The Nagas

Hill Peoples of Northeast India

Project Introduction The Naga Database

book : Return to the Naked Nagas (1939;1976)

caption: Chapter One. The Naga Hills
caption: absence of political or judicial authorities among Angamis; office of founder's descendant
medium: books
ethnicgroup: Angami
production:
person: Furer-Haimendorf
date: 6.1936-6.1937
text: (13) The Angamis were never ruled by chiefs, and no one individual seems ever to have had authority over an entire village community. Wealth and prowess in war certainly gave a man a good deal of influence, but the villages were run on strictly democratic lines and no one could command his neighbours. Nearly all villages are, moreover, divided into khel, local units which in the old times had often independent foreign policies and who settled their own disputes by bloody fights.
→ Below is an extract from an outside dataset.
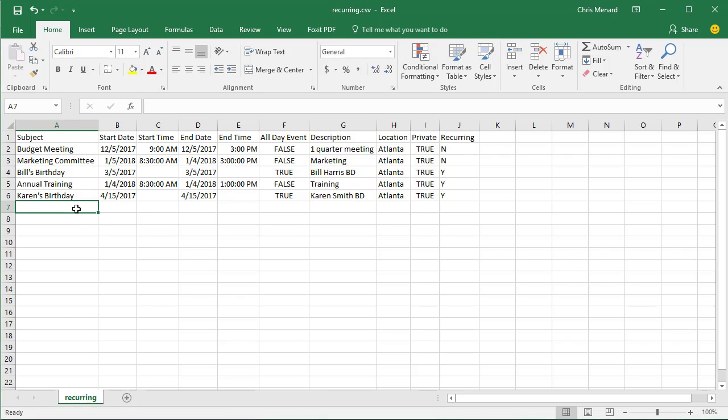Hello, this is Chris Menard. Let me show you my workaround for importing a CSV file with recurring appointments into Google Calendar, because by default it won't do it with the CSV file.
The fortified walls of the khel, separating one section of the villagers from their neighbours, were still to be seen. When with the coming of British rule head-hunting and feuds were suppressed, and the fear of enemies no longer re-enforced the cohesion of the khel, while on the other hand inter-khel quarrels could not be decided by the right of the stronger, individualist tendencies gained the upper hand, and disputing parties no longer content with the rough and ready justice of village elders began to carry their claims to the court of the Deputy Commissioner.